Two years later, the quarterback question is still following Weis, haunting a program that is still feeling for solid footing after going 9-39 over the last four years. Kansas has won just four games in two years under Weis, and his quarterbacks have been unmitigated calamities.
Crist was benched during his one season at Kansas, and Heaps is set to transfer after losing the starting job to sophomore Montell Cozart, a former standout at Bishop Miege.
To this point, Weis has refused to publicly comment on the specter of Heaps’ departure. But in an interview with The Star, Weis appeared ready to move on at the quarterback position.
“When somebody leaves, if I was a fan, I wouldn’t worry too much about them leaving,” Weis told The Star. “Because it’s probably better for them, and it’s probably better for the team, too.
“If they’re any good, they wouldn’t be leaving. That’s the way it is in football. If a guy wants to transfer, do you think he’s transferring because he’s playing? They don’t transfer because they’re playing.”
For now, Heaps’ next destination is unknown. If he leaves — as expected — he could move to another Division I school and play right away as a graduate transfer. He could also transfer down a division, to an FCS or Division II school, and play right away.
But don’t expect Weis to spend too much time talking about Heaps’ decision.
“When training camp starts, it’ll be: “Here’s who’s on the team, and here’s who’s not on the team,” Weis said, speaking generally about personnel matters.
But in announcing Cozart as the starter after spring ball, and in other general comments about transfers, Weis is pretty clear that Cozart will be the man going forward.
“In every school in the country, there’s always a certain amount of movement,” Weis said. “But when people think about a good player leaving, a good player never leaves. A good player never leaves because of football. Because if they’re good, they’re playing.”
So now Weis turns to Cozart, and the search for an adequate quarterback enters its third year. For the KU program, it’s been even longer. Since Weis arrived in early 2012, he has brought in five scholarship quarterbacks to the program through either recruiting or transfers. After adding Heaps and and Crist in early 2012, he signed Cozart and Shawnee Mission East quarterback Jordan Darling in the 2013 recruiting class. He then added T.J. Millweard, another transfer from UCLA, to the program last fall.
But while Weis horded quarterbacks like collectible coins and installed a pro-style system, the Kansas passing attack sunk deeper into the abyss. Crist and Heaps couldn’t complete 50 percent of their passes, and the receiving corps kept dropping balls, and last season the Jayhawks ranked 117th out of 123 Division I teams in passing offense.
Kansas passed for just 140 yards per game in 2013, which looks even crazier when compared to the video-game offensive numbers being piled up across the Big 12. If Weis burnished his credentials as a quarterback whisperer in the NFL, his magic hasn’t seemed to take root in Lawrence.

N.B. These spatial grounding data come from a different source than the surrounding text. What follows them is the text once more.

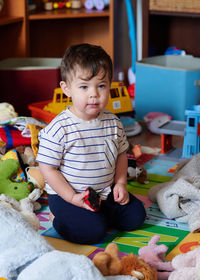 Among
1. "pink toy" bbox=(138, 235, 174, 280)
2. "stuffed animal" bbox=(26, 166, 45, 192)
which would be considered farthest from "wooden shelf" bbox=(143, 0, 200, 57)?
"pink toy" bbox=(138, 235, 174, 280)

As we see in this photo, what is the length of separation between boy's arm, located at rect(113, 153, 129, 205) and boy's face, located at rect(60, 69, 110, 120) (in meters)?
0.19

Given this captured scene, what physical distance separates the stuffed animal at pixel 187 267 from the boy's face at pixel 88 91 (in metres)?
0.41

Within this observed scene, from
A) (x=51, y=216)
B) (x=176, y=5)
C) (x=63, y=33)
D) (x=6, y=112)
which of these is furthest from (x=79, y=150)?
(x=63, y=33)

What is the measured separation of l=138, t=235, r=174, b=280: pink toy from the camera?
104 centimetres

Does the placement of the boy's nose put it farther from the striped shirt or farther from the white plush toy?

So this past winter, Weis went back to the drawing board.
The problems of the last two years, Weis says, are why he hired offensive coordinator John Reagan, a former Rice assistant, to guide the Kansas offense in 2014. Reagan, a former KU assistant under Mangino, is more comfortable with the finer points of the spread offense and Weis is hopeful this new scheme will be more quarterback friendly.
Two years ago, Weis believed he had answered the quarterback question. But now he is calling an audible. When the season begins this fall, Cozart will become the sixth different Kansas quarterback to start a season in the last six years.

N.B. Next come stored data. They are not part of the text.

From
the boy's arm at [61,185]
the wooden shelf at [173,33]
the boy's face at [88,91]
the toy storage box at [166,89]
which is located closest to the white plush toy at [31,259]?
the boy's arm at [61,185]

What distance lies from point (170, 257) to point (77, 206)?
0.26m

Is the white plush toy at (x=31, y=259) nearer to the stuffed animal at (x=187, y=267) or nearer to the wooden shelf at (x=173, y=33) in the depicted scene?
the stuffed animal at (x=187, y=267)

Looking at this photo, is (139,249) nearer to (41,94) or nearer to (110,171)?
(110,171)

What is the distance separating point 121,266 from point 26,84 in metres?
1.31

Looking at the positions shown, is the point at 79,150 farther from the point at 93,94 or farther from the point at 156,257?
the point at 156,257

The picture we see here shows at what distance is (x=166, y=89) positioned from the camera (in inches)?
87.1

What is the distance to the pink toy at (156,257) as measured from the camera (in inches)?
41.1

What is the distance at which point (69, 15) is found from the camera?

A year ago, Cozart completed just 36 percent of his passes while playing in seven games. Weis chalks some of that number to youth. Cozart learned plenty as a true freshman, Weis says, and the coach expects his starting quarterback to flourish.
“We didn’t pick him just because, ‘Oh, let’s pick him,’” Weis said.

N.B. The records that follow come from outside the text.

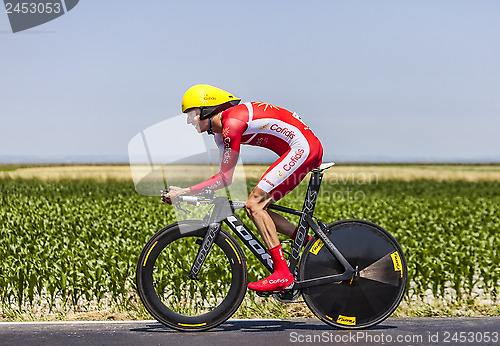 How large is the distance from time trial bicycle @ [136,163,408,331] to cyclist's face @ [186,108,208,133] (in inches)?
24.4

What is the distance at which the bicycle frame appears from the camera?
5.96 m

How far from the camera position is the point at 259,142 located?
6.03 meters

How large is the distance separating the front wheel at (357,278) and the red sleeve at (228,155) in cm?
106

In the modern landscape of college football, programs can rise and fall on the backs of the quarterback position. For now, Weis is betting that he’s found his new guy.
“Just because you saw him throw inaccurate, doesn’t mean he is inaccurate,” Weis said. “I think a lot of that comes with freshmen jitters. He’s got a live arm and he’s a fairly accurate thrower. It’s just, that’s not the guy that you’ve seen to this point.”